Coral recruitment is high at Aldabra, colonies <5cm diameter ranged from 1-13 per metre square in 2001 and 1-14 in 2002. St. Pierre and Assumption islands also have high recruitment, but levels at Astove are low at only 1% in both shallow and deep water.

 

There are good indicators that reef recovery is underway at Aldabra Atoll and healthy recruitment should accelerate the process in the next few years. There is also indication of recovery at the other islands. However, poor coral recruitment at Astove, coupled with an extensive bloom of Caulerpa, may delay recovery at this site.

 

In February 2002 the AMP recorded a total of 221 fish species from 38 families at Aldabra, the highest recorded over the past three years. Previous AMP surveys in 1999 and 2001 identified 211 species from 35 families and 205 species from 40 families, respectively.

 

A Cambridge University expedition in 1998 identified 251 fish species at Aldabra (University of Cambridge, unpublished), but direct annual comparisons cannot be made due to differences in survey objectives and methods.

 

The status of the fish community at Aldabra can be assessed most accurately by comparing the 1998 record with the combined count of 289 species for the 1999, 2001 and 2002 AMP surveys.

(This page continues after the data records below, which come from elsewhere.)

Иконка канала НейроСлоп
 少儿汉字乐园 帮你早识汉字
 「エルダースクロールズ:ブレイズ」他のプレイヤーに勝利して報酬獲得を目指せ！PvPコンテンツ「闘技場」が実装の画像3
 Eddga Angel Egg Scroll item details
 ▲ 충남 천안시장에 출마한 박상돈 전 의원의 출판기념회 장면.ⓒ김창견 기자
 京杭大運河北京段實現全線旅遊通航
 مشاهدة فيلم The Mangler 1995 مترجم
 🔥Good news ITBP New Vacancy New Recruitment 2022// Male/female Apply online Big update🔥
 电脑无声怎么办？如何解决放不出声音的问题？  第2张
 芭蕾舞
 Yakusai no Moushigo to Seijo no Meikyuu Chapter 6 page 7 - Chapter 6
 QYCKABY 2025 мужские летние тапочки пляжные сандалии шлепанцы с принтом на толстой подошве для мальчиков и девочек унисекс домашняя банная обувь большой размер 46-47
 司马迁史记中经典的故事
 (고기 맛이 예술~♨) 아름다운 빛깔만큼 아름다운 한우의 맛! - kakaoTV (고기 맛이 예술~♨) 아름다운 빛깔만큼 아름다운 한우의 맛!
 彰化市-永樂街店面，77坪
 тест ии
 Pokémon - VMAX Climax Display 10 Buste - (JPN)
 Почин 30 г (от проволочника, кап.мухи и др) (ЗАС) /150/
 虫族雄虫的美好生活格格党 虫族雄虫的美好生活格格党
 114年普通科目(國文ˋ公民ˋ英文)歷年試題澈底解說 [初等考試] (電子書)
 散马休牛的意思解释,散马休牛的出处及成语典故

These combined surveys include 189 (75%) of the 251 species seen in 1998, and 100 species not recorded in 1998. The 62 species not recorded in the combined AMP surveys were not abundant in 1998. The current species richness at Aldabra is indicative of a healthy fish population.


 

 

The important heterogeneity in the coral reef habitat at Aldabra appears to be maintained by both live coral and erect dead coral structures. Some significant links have been found between the density of fishes, or number of species, for Serranids, Pomacentrids, Chaetodontids and Labrids, and habitat complexity as measured by the percentage of live coral, or live and dead coral combined.

 

Numbers of fish recorded at Aldabra have fluctuated between years. The total fish count in 2002 was 71,999, equivalent to 3,000 fish per 100m2 and compares closely to 1999 when 2,949 fish per 100m2 were counted. In 2001 the count was about half at 1,501 fish per 100m2.

 

Large annual differences in the density of fishes, and the abundance of fishes in the <1-10cm total length category, are often the result of counts of only one or two species. For example, in the three years AMP has been conducting surveys at Aldabra there has been a large difference in total fish counts, with 2001 numbers falling to half those of 1999 and 2002.

 

Although further analysis is needed to elucidate the drop in 2001, it is clear that these densities can be driven by just one or two species of fish. At Site 6, 88% of the count (11,675 fish per 100m2) was made up of one species, the fusilier damselfish, Lepidozygus tapeinosoma. If all counts of this fish are excluded from all eight sites, the average density drops to 962 fish per 100m2 for 2002.

 

AMP surveys in 2002 at Assomption, Astove and St. Pierre found that fish species richness at each location is about half that recorded at Aldabra in 2002, but comparable fish densities are higher. With L. tapeinosoma excluded, the average densities were 1,513, 1,516 and 1,920 fish per 100m2 for each island, respectively, compared to the average of 962 fish m2 for Aldabra.